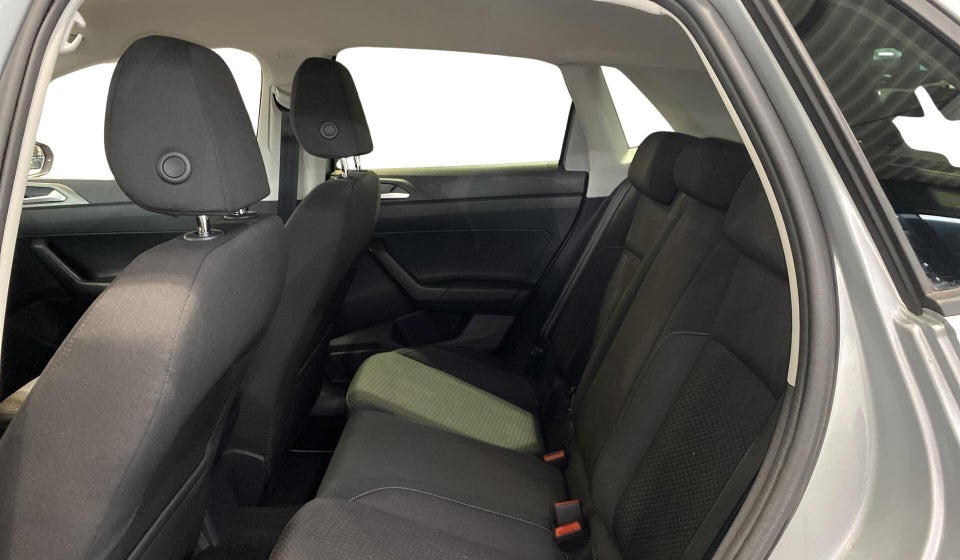 VW Polo 1,0 TSi 95 Comfortline DSG 5d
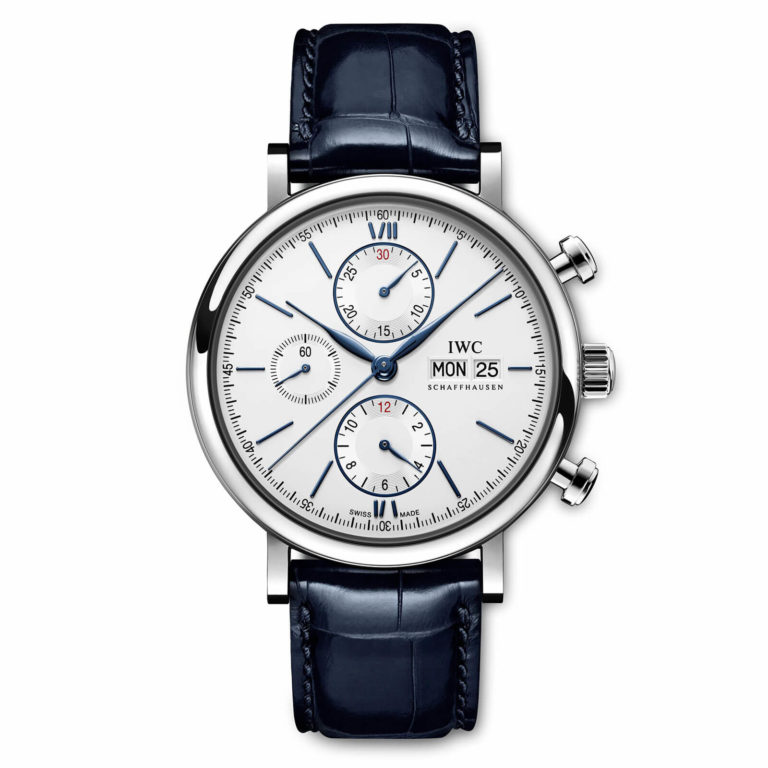 IWC Schaffhausen - Portofino automatic chronograph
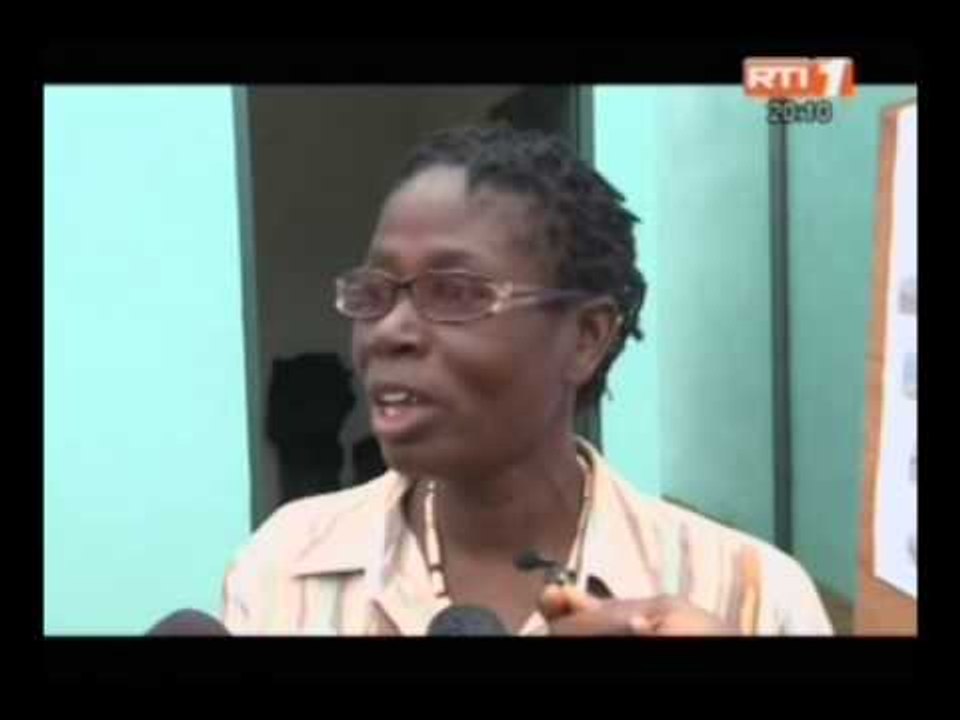 Le ministre Mamadou Sanogo a visité les stations d’ouvrage d’assainissement d’eaux usées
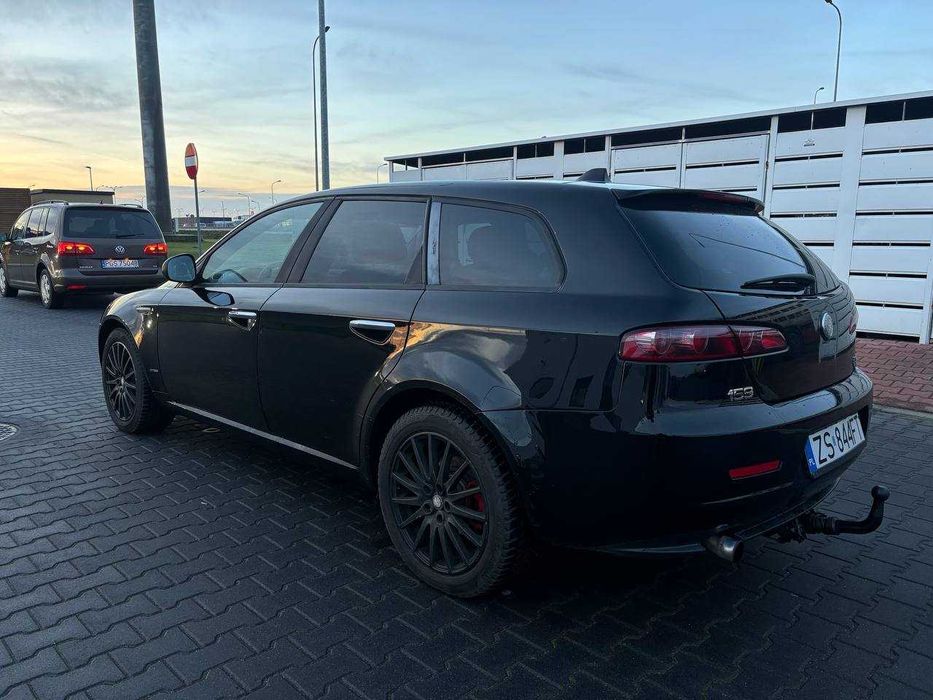 ALFA ROMEO 159 *zadbana*klimatyzacja*BOGATE WYPOSAŻENIE*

Task objective: Only the lines from the one containing "Le ministre Mamadou" through the final line of the data are to be written out, exactly as they stand and without pictures.

Exercise output:
 Le ministre Mamadou Sanogo a visité les stations d’ouvrage d’assainissement d’eaux usées
 ALFA ROMEO 159 *zadbana*klimatyzacja*BOGATE WYPOSAŻENIE*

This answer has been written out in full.